„Ein Fehler historischen Ausmaßes“

An jedem Tag der vergangenen Woche haben hunderte Moskauer gegen die Nichtzulassung von Oppositionskandidaten zur Regionalwahl protestiert. Am Samstag versammelten sich laut Nichtregierungsorganisation Bely Stschottschik 22.500 Demonstranten auf dem Sacharow-Prospekt. Bei der größten Protestaktion der vergangenen Monate forderten sie eine freie und faire Regionalwahl, zu einem wiederkehrenden Motiv der Demonstration gehörte der Slogan Ljubow (dt. Liebe).

Ljubow Sobol ist eine von rund 20 OppositionskandidatInnen, die die Moskauer Wahlkommission von der Wahl zum Stadtparlament ausgeschlossen hatte. Wie auch die anderen unabhängigen Kandidaten musste die junge Juristin und Mitstreiterin von Alexej Nawalny Unterstützer-Unterschriften von mindestens drei Prozent aller Wähler aus ihrem Wahlkreis sammeln, um antreten zu dürfen. Laut Moskauer Wahlkommission sei ein Teil dieser Unterschriften jedoch gefälscht, deshalb dürfe Sobol per Gesetz nun nicht zugelassen werden.

Sobol sowie andere Oppositionskandidaten sehen darin eine politisch-motivierte Entscheidung. Die Regierungspartei Einiges Russland sei in der russischen Gesellschaft derzeit so unbeliebt, dass sie ihre Kandidaten als unbefleckte Unabhängige ins Rennen schicke.
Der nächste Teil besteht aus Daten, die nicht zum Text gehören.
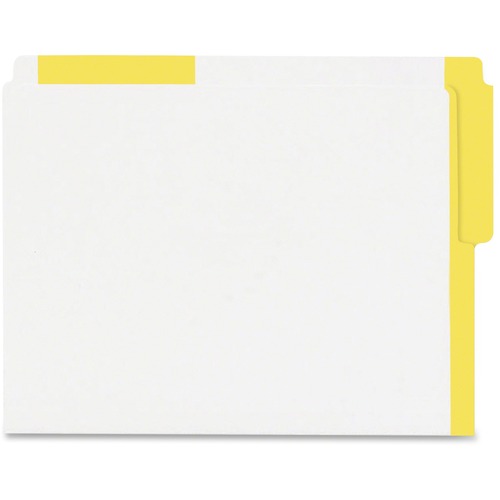 Pendaflex Letter Recycled End Tab File Folder - 8 1/2" x 11" - Yellow - 10% Recycled - 100 / Box - End Tab Folders - PFX413EYLW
Um eine Schlappe bei der Wahl am Einheitlichen Wahltag am 8. September abzuwenden, würden die Behörden nun auch unfaire Zulassungshürden konstruieren – und damit die Teilnahme der Opposition verhindern. 

Viele Beobachter vergleichen diese Entscheidung mit der letzten Wahl zum Moskauer Stadtparlament vor fünf Jahren. Auch damals sei sie weder frei gewesen noch fair, auch damals habe es ähnliche Zulassungshürden gegeben. Diesmal, so der Tenor, sei aber Eines anders: Die Opposition, die damals gespalten war, ziehe jetzt an einem Strang. Tatsächlich kam es bisher noch nie vor, dass Ljubow Sobol, Ilja Jaschin, Dimitri Gudkow und andere Oppositionelle gemeinsame Forderungen erheben und gemeinsam auf die Straße gehen. Wlad Dokschin hat sie begleitet und die Proteste in einer Fotoreportage für die Novaya Gazeta festgehalten.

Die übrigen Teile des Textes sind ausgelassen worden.